After that, for a little while, it felt as if the whole world had gone Pinki crazy. Pinki went on CNN, ABC, Good Morning America, and all the other big media outlets in America. We delivered the film to the doorsteps of more than a million homes, and after licensing Smile Pinki to HBO, it was watched by millions more. The movie helped us raise tens of millions of dollars, but just as importantly, it exponentially raised awareness for the problem of clefts throughout the Western world. If you Google Smile Pinki, you’ll get more than 79,000 hits. Dr. Subodh now has his own page on IMDb. While the film is no longer airing on HBO, you can still watch Smile Pinki online; just search for the film’s title on vimeo.com.
The film’s impact in India was perhaps even more significant. After the Academy Awards were announced, a local newspaper reporter went to Pinki’s village.
“We are singing and dancing to celebrate this victory,” said one villager. “The whole village is celebrating! Pinki, the girl we always used to tease because of her cleft lip—today the whole country is calling her name with pride.”
After his adventures in Hollywood, Dr. Subodh returned to Varanasi, and in the month following the Academy Awards, he and our other partner surgeons there operated on an additional 1,500 children. Even in the smallest and most remote villages in India, word of Pinki’s story had spread. We gave India’s biggest TV network, Doordarshan, which reaches a staggering 900 million people, permission to broadcast Smile Pinki in perpetuity. The state-owned network started screening the film every other month, and each time it aired, we saw a spike in new patients. All across India, people were learning that clefts are a birth defect, not a curse—and that there is a way they can be fixed, free of charge.

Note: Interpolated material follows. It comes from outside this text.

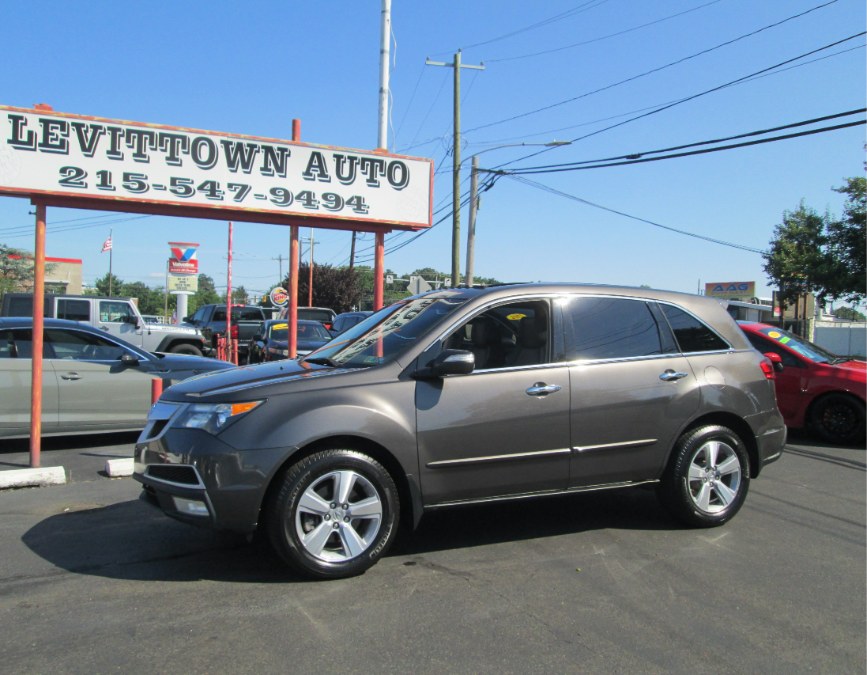 2012 Acura MDX AWD 4dr, available for sale in Levittown, Pennsylvania | Levittown Auto. Levittown, Pennsylvania 2012 Acura MDX AWD 4dr, available for sale in Levittown, Pennsylvania | Levittown Auto. Levittown, Pennsylvania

Smile Pinki taught us a lot about what happens when patients share their success stories. When someone like Pinki goes home to her village, she doesn’t even really need to say a word; it’s all written on her face. Her birth defect has been fixed. A cure is possible, through surgery. This is so important, especially in communities when people really fear going to hospitals, because very often people who go to hospitals never come back. We were recognizing that our patients were the most powerful tool for education and communication that we had.
To this day, every time Dr. Subodh finishes operating on a child, he invites the family into his office. He explains how to care for the child post-surgery and then he says something that shocks the family:
“Now you must pay the bill.”
The family protests—after all, they’ve been told repeatedly that surgery will be free of charge!
Then Subodh smiles and says: “Please don’t worry, please. You must pay not with money, but by going back to your village and finding another child who is suffering, and telling him to come here, to me, for help.”
Of course, the family members immediately agree.
“You are our heroes,” Subodh says. “Find us more children with clefts.”